Em síntese, ou adotamos firmes posição, atitude e estratégia de independência tecnológica, de maturidade enquanto sociedade e Nação, de instituição de um projeto nacional fundamentado na auto suficiência — podendo incluir parcerias internacionais onde haja inequívoca paridade ou vantagem na satisfação de interesses; ou nos candidatamos a prosseguir acreditando na cenoura da transferência de tecnologia — “não a cenoura que o coelho consome, mas aquela que alimenta outro orelhudo“, conforme a percepção de um insigne Chefe Militar, então Chefe do DCT, também oriundo da nobre Infantaria  —, ou nos candidatamos a prosseguir a reboque dos povos que optaram por ditar o rumo dos demais.

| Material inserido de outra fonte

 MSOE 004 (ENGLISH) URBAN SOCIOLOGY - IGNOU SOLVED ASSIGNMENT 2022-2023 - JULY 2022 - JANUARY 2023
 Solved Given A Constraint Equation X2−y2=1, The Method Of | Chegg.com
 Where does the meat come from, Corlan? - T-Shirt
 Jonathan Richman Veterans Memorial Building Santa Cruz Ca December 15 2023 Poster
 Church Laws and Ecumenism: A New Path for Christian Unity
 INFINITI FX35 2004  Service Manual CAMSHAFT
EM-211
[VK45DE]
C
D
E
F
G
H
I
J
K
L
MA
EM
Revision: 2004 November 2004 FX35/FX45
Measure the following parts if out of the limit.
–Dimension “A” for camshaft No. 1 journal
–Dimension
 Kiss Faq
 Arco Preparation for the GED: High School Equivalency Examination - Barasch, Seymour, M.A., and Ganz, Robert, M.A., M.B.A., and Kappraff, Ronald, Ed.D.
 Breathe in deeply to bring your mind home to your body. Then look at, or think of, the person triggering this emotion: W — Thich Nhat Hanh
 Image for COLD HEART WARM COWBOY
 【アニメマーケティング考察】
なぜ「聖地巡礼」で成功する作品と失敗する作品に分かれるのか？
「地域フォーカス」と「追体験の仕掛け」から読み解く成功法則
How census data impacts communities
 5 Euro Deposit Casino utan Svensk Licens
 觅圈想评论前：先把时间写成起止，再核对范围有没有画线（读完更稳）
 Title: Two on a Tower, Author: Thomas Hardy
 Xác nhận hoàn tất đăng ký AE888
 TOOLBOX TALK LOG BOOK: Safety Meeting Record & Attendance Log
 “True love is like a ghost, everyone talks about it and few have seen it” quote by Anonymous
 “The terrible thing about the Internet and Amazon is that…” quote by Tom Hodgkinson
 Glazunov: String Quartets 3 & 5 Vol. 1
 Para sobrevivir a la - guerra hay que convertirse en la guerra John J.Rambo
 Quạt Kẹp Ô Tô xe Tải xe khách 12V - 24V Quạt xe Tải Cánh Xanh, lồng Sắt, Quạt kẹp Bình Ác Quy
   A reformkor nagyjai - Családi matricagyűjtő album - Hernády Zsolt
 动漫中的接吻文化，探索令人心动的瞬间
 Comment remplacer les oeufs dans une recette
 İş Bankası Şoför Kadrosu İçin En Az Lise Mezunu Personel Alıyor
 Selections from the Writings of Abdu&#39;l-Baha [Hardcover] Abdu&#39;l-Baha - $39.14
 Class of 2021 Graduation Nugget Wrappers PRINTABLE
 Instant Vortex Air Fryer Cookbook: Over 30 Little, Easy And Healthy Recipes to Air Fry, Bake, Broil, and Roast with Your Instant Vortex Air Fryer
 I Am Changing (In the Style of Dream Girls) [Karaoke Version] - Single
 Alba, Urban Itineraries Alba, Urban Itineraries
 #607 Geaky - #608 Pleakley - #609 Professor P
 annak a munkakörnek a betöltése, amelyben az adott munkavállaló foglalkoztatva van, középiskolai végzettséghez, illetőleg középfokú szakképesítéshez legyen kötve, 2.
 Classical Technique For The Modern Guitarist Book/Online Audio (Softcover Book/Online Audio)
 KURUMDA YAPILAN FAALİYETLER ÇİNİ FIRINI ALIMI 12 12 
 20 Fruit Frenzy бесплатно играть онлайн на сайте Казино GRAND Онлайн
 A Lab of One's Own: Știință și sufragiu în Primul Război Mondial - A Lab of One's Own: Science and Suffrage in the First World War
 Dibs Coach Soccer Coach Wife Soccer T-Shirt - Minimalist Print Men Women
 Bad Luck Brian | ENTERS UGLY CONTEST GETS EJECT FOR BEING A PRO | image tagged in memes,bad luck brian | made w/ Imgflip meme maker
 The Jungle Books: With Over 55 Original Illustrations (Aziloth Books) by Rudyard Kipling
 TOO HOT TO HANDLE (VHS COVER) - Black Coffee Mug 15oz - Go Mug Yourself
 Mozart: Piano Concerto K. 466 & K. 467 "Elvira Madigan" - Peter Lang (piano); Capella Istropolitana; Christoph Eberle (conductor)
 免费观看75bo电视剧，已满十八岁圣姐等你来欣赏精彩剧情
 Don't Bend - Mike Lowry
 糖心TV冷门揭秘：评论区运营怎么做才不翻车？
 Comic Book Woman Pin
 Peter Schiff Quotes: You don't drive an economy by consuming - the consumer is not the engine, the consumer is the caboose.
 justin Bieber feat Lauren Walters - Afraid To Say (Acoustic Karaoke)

Nesse sentido, o Polo de Ciência e Tecnologia do Exército em Guaratiba — cujo embrião surgiu na década de 1970, por ocasião da instalação em Guaratiba do Centro Tecnológico do Exército, mercê do magnífico trabalho pioneiro do primeiro chefe daquele Centro, o General de Divisão Argus Fagundes O. Moreira — é uma iniciativa que satisfaz as possibilidades e anseios de construção de nossa autonomia científico-tecnológica e estratégica e pode contribuir para que andemos com as próprias pernas, pensemos com liberdade, atuemos com coragem e independência e prestemos conta com a posteridade sem temor de nos apequenar.

P. S. Em relação ao comentário de que "os engenheiros militares brasileiros não têm capacidade para assimilar a tecnologia militar estrangeira", deixei de analisar por se tratar de assertiva descomprometida com a verdade e fruto de irresponsabilidade intelectual ou má fé.